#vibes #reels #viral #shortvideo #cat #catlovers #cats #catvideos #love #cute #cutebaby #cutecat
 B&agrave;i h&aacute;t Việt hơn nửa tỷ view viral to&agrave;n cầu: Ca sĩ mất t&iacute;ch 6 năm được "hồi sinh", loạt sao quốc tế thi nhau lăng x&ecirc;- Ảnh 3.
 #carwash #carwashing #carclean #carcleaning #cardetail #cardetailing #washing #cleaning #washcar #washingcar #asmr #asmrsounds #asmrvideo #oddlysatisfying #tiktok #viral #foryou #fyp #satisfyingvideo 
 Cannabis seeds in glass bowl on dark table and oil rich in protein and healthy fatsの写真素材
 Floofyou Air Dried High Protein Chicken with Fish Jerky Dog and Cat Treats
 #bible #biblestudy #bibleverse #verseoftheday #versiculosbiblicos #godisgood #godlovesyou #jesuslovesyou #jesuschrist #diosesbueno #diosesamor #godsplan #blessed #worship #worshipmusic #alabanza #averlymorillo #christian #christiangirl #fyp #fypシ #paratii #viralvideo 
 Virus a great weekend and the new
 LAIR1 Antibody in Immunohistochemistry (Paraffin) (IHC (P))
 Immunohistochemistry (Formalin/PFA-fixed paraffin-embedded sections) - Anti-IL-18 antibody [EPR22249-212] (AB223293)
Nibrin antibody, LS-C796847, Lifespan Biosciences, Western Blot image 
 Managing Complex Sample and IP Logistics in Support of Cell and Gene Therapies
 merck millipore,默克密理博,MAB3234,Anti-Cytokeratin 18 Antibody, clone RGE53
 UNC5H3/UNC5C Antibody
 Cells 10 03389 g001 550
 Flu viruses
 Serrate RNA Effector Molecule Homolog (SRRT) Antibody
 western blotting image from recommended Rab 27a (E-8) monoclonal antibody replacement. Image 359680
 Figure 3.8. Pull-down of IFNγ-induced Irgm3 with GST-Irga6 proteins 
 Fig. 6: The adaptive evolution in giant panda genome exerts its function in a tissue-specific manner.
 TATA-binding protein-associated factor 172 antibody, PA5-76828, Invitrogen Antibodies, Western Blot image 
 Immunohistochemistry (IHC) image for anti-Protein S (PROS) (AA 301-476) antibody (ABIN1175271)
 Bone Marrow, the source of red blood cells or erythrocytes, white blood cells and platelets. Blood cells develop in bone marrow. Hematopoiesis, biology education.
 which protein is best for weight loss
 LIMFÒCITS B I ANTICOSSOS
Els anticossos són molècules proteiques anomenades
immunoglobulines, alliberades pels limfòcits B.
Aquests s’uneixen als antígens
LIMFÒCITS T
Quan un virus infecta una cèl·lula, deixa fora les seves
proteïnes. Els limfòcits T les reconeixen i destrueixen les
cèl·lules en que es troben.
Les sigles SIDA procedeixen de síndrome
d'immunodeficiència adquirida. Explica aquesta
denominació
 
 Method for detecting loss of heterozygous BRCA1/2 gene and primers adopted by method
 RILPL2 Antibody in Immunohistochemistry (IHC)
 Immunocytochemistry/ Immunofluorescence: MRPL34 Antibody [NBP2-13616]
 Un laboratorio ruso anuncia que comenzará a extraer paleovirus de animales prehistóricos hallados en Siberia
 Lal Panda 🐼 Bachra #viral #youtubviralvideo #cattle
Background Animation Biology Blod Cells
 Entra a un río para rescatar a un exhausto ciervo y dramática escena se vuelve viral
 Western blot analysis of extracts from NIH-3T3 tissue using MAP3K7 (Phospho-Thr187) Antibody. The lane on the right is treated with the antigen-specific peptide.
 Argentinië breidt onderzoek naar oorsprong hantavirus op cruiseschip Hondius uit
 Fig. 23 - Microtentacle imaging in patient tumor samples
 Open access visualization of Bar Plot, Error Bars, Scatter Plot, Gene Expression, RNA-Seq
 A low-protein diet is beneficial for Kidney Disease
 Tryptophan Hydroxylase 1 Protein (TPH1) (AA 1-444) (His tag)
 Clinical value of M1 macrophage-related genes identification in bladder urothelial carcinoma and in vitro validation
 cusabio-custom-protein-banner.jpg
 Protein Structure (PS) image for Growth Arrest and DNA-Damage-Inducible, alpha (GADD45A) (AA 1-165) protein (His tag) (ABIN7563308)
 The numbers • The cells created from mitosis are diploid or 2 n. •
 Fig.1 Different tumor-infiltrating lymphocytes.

——————————

Task details
Only the lines above from the one with "Fig. 6: The" up to and including the one with "Method for detecting" should be repeated, exactly as written.

Exercise answer
 Fig. 6: The adaptive evolution in giant panda genome exerts its function in a tissue-specific manner.
 TATA-binding protein-associated factor 172 antibody, PA5-76828, Invitrogen Antibodies, Western Blot image 
 Immunohistochemistry (IHC) image for anti-Protein S (PROS) (AA 301-476) antibody (ABIN1175271)
 Bone Marrow, the source of red blood cells or erythrocytes, white blood cells and platelets. Blood cells develop in bone marrow. Hematopoiesis, biology education.
 which protein is best for weight loss
 LIMFÒCITS B I ANTICOSSOS
Els anticossos són molècules proteiques anomenades
immunoglobulines, alliberades pels limfòcits B.
Aquests s’uneixen als antígens
LIMFÒCITS T
Quan un virus infecta una cèl·lula, deixa fora les seves
proteïnes. Els limfòcits T les reconeixen i destrueixen les
cèl·lules en que es troben.
Les sigles SIDA procedeixen de síndrome
d'immunodeficiència adquirida. Explica aquesta
denominació
 
 Method for detecting loss of heterozygous BRCA1/2 gene and primers adopted by method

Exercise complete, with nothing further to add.